-- Opening Marker --

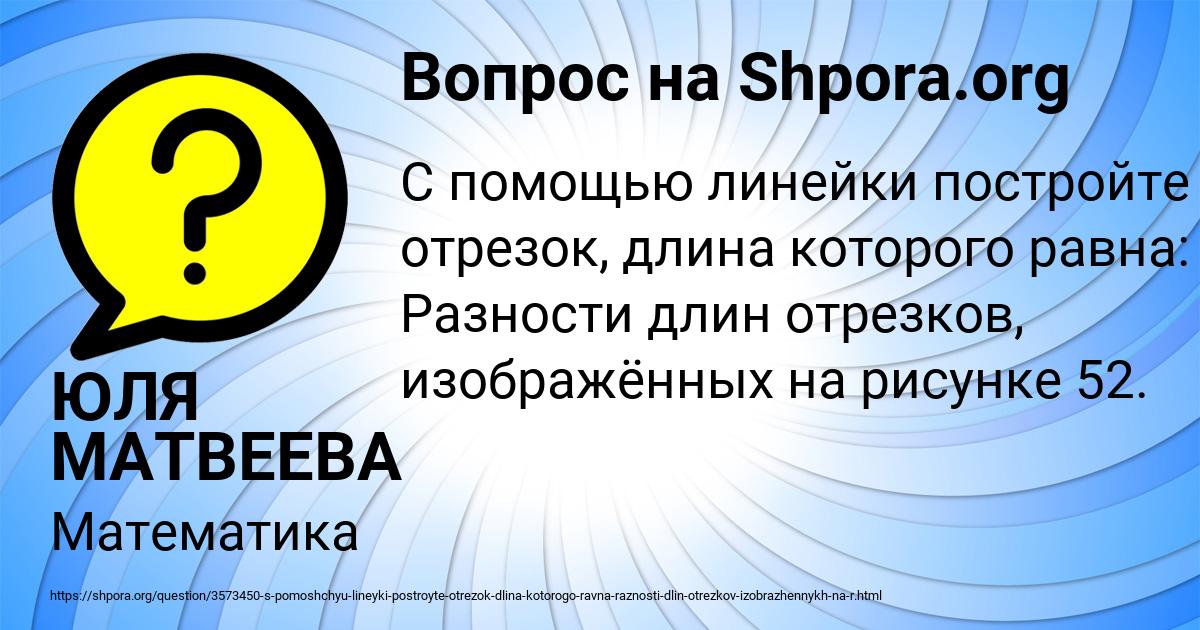 Картинка с текстом вопроса от пользователя ЮЛЯ МАТВЕЕВА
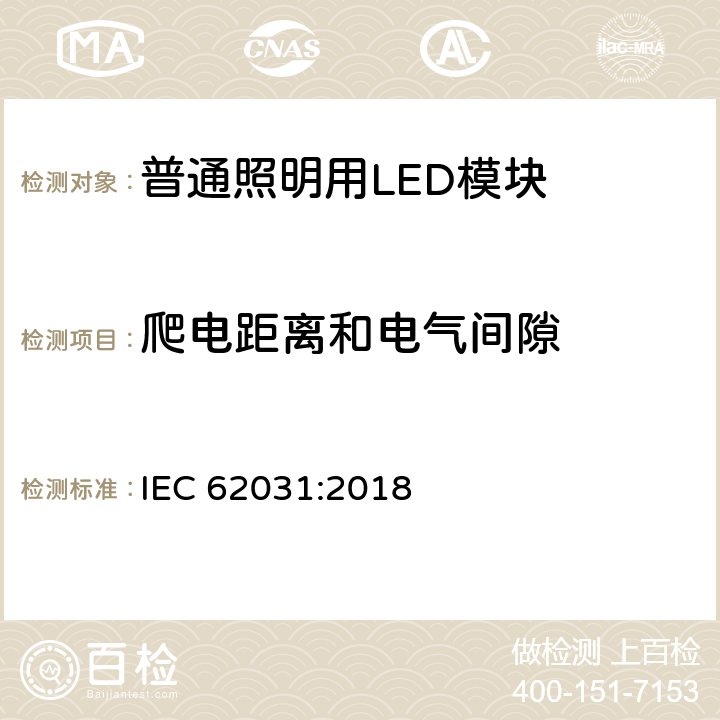 爬电距离和电气间隙 普通照明用LED模块　安全要求 IEC 62031:2018 15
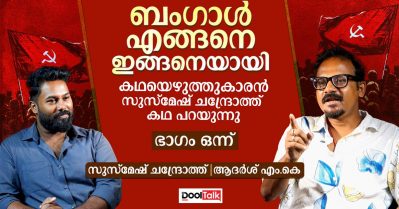 ബം​ഗാൾ എങ്ങനെ ഇങ്ങനെയായി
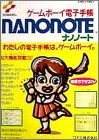Nanonote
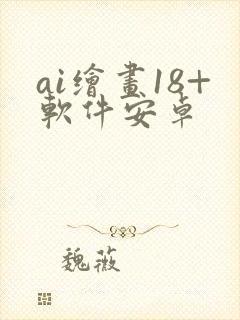 ai绘画18+软件安卓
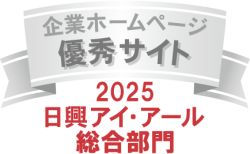 日興アイ・アール　優秀サイト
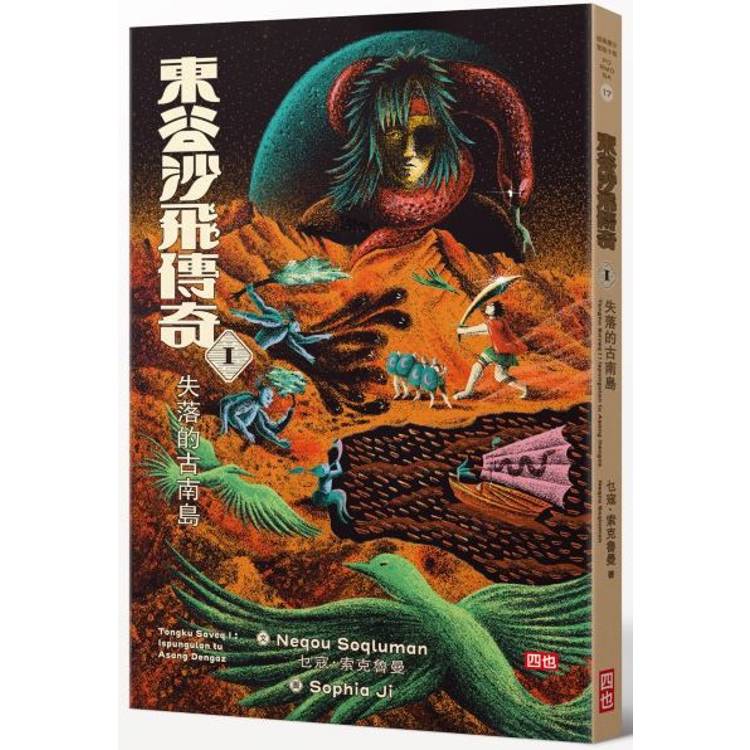 東谷沙飛傳奇Ⅰ：失落的古南島【金石堂、博客來熱銷】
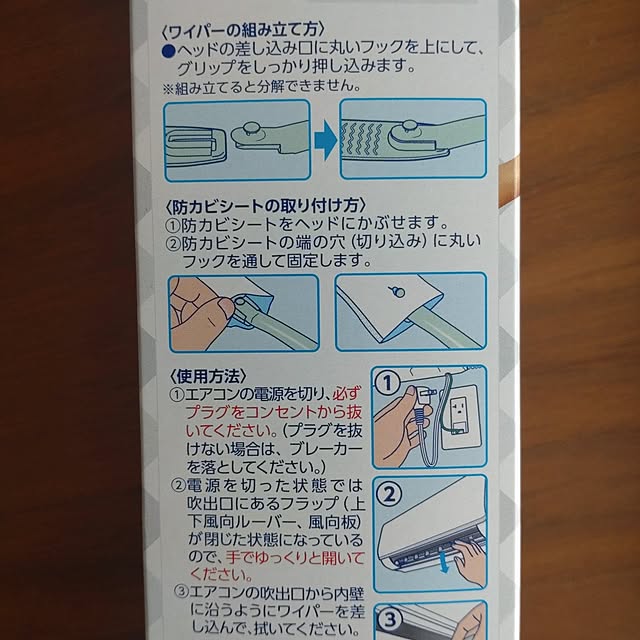 tan5さんの部屋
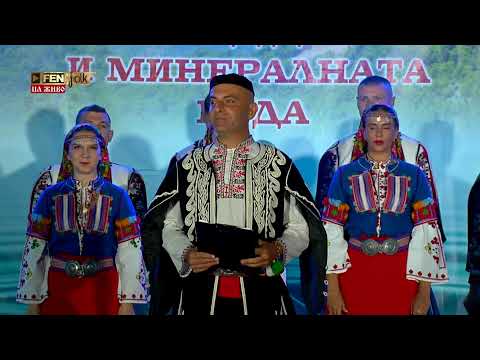 Видео: Празник на град Девин и минералната вода - на живо / 09 август 2025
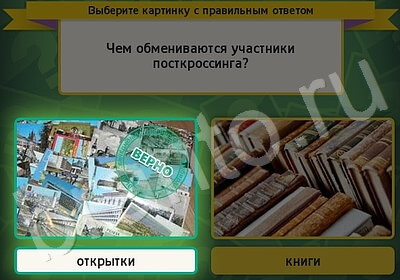 ответы к игре Выбирайка Уровень 5735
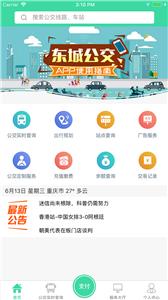 重庆东城公交
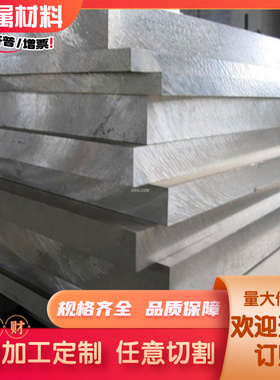 AA5154铝合金5049铝棒5050铝板材2A50 2A70光面EN AWh4015 AL6082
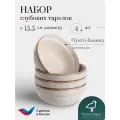 Набор тарелок суповых 4 шт, объем 600 мл, диаметр 15,5 см, керамика, коллекция Пунто-Бьянка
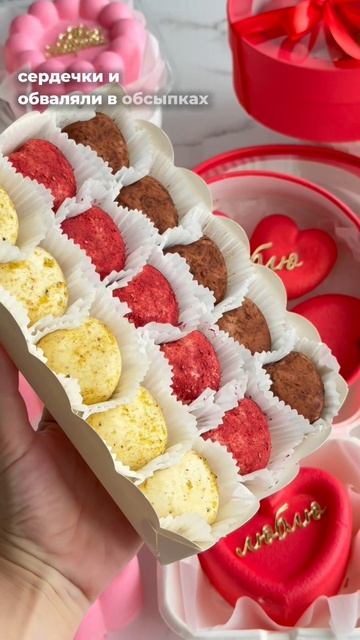 ❤️❤️❤️ Открываю предзапись на обновленный курс «Десерты к Романтическим праздникам»!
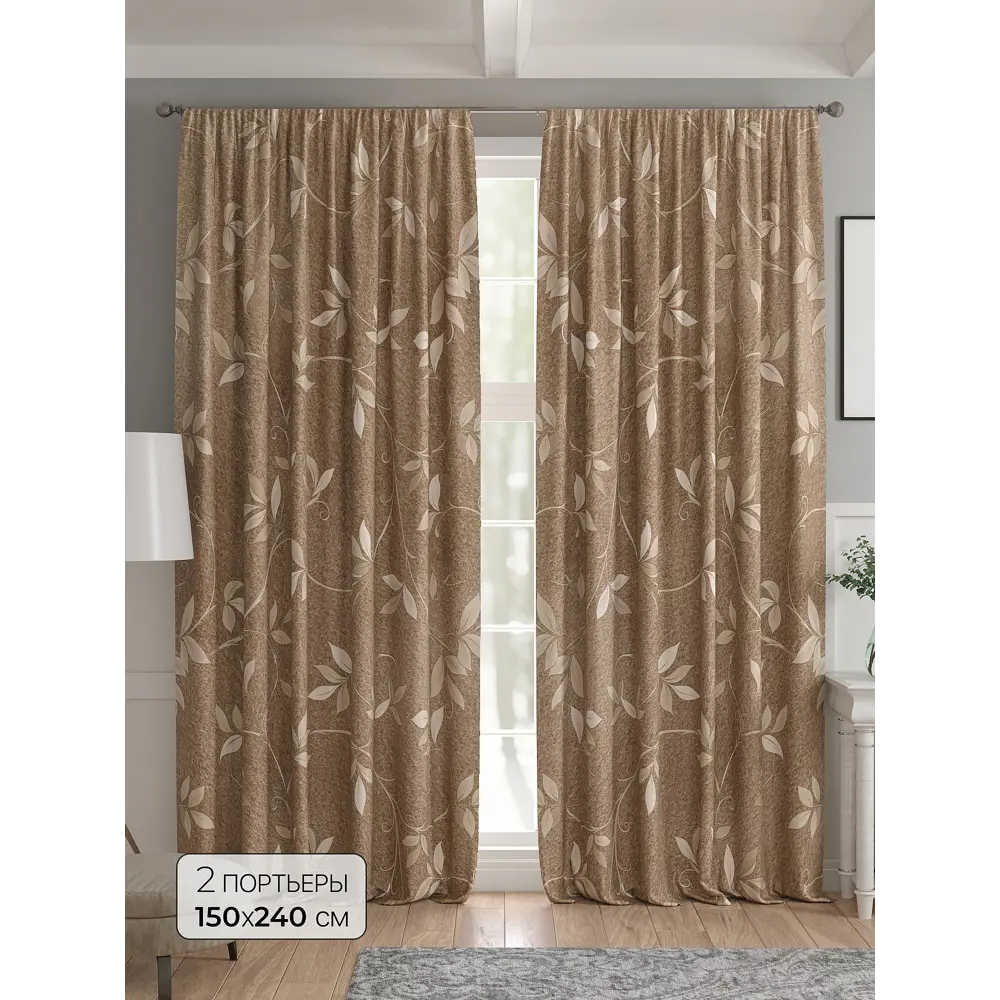 Фото Комплект штор 2 шт на ленте Comfy Way Базовая Коллекция CW521155 150x240 см жаккард цвет коричневый Фото Комплект штор 2 шт на ленте Comfy Way Базовая Коллекция CW521155 150x240 см жаккард цвет коричневый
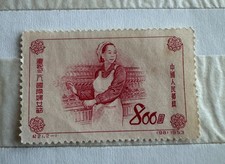 Francobollo china rarissimo usato  Morlupo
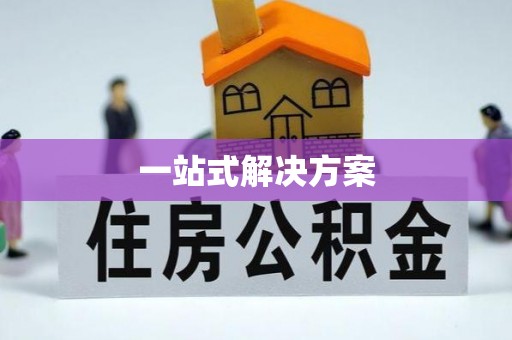湖口一站式解决方案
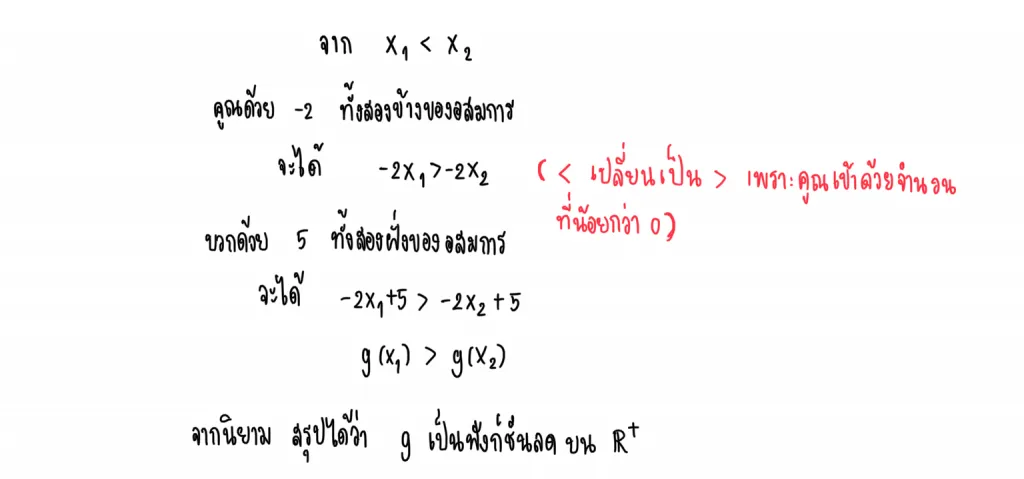 ฟังก์ชันเพิ่มและฟังก์ชันลด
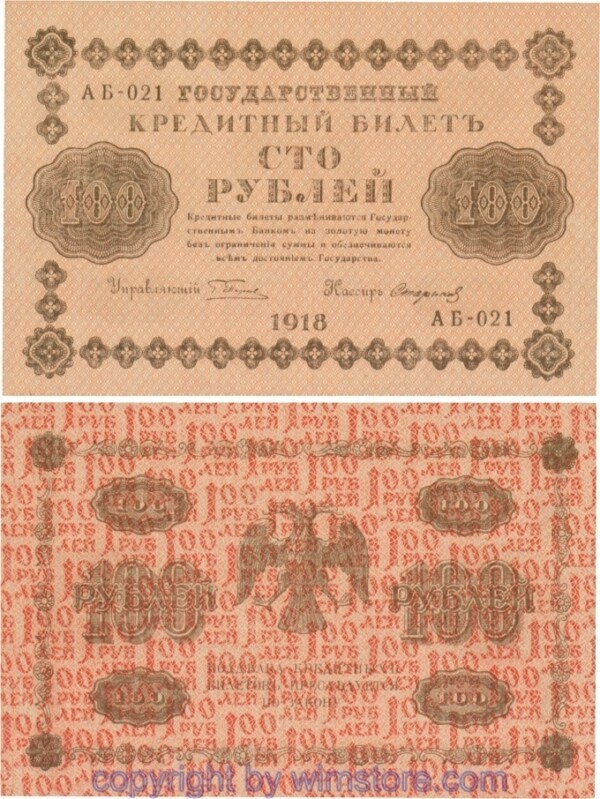 Russland, R.S.F.S.R., P092-09, 100 Rubel 1918, Serie АБ - 021, Signatur: Starikov; 2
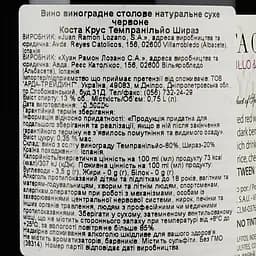 Вино Lozano Costa Cruz Tempranillo Shiraz 2022 червоне сухе 0.75 л - мініатюра 3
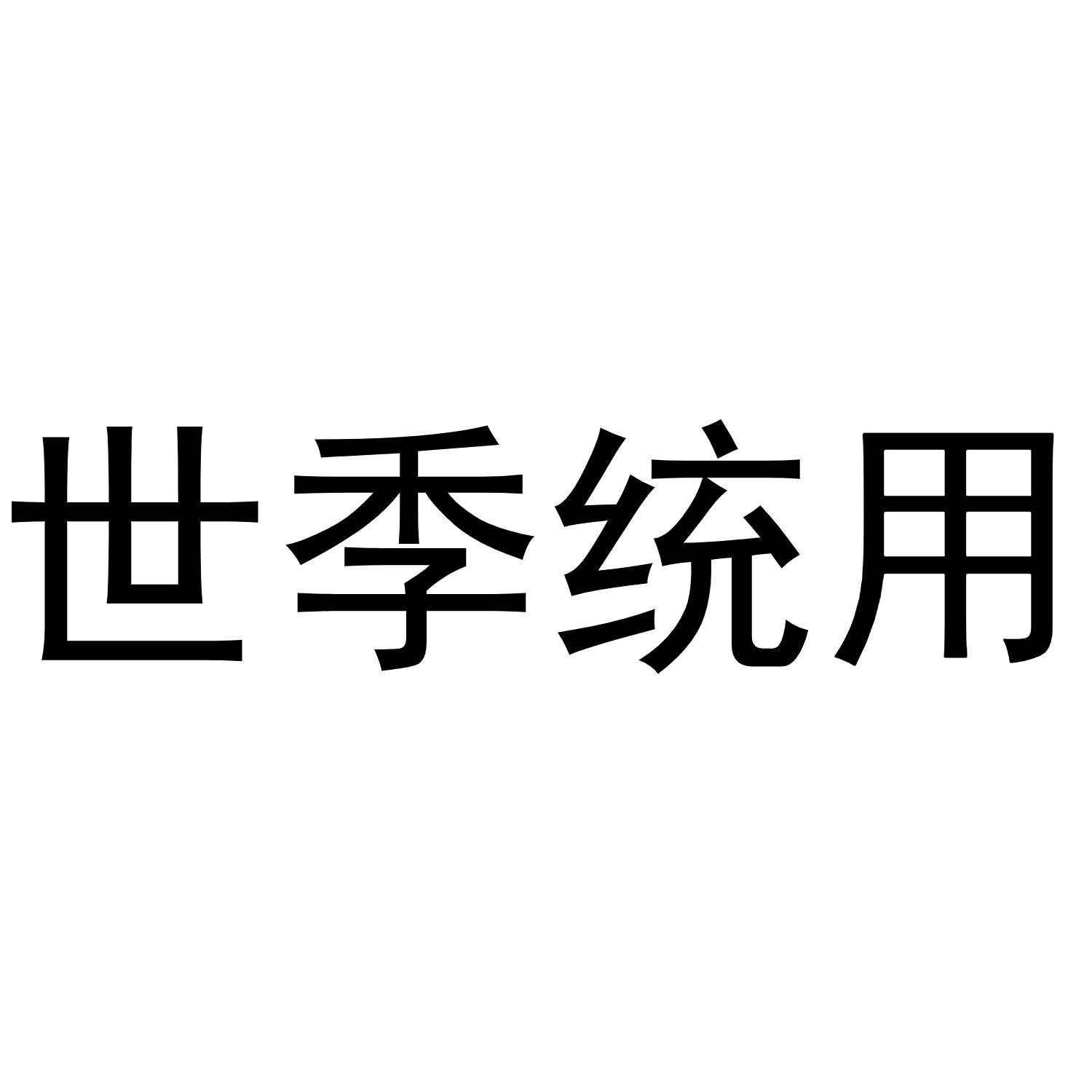 世季统用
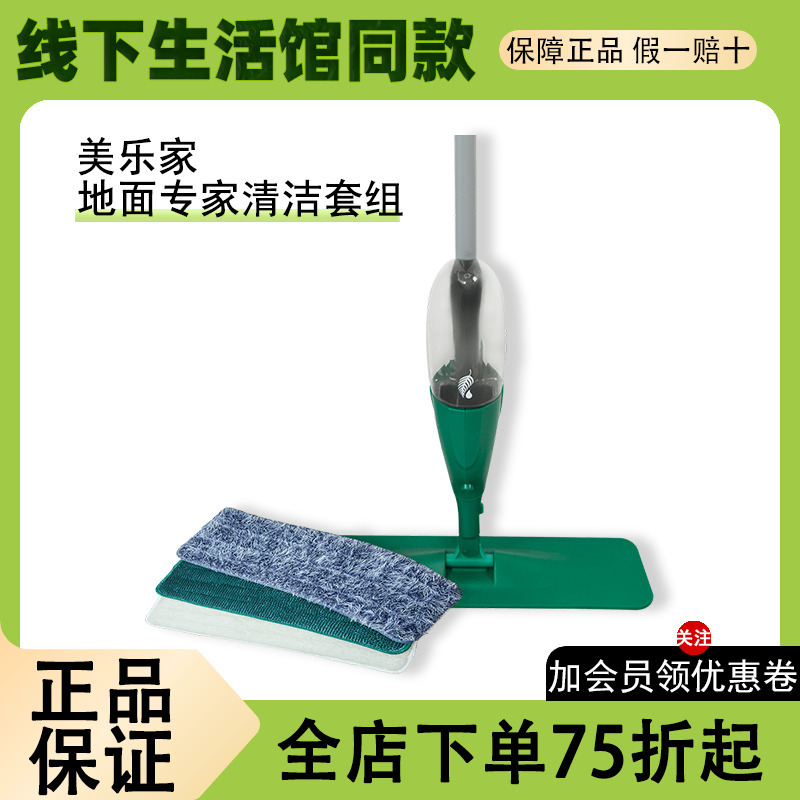 Melaleuca Floor Expert Spray Mop Set Dust Removal Cleaning Waxing Household Genuine Non-Official Flagship Store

-- Closing Marker --

*What is being asked*.
Only what runs from the line holding "Вино Lozano Costa" through the end of the entries above is to be given again, exactly, with every picture omitted.

*Written response*.
 Вино Lozano Costa Cruz Tempranillo Shiraz 2022 червоне сухе 0.75 л - мініатюра 3
 世季统用
 Melaleuca Floor Expert Spray Mop Set Dust Removal Cleaning Waxing Household Genuine Non-Official Flagship Store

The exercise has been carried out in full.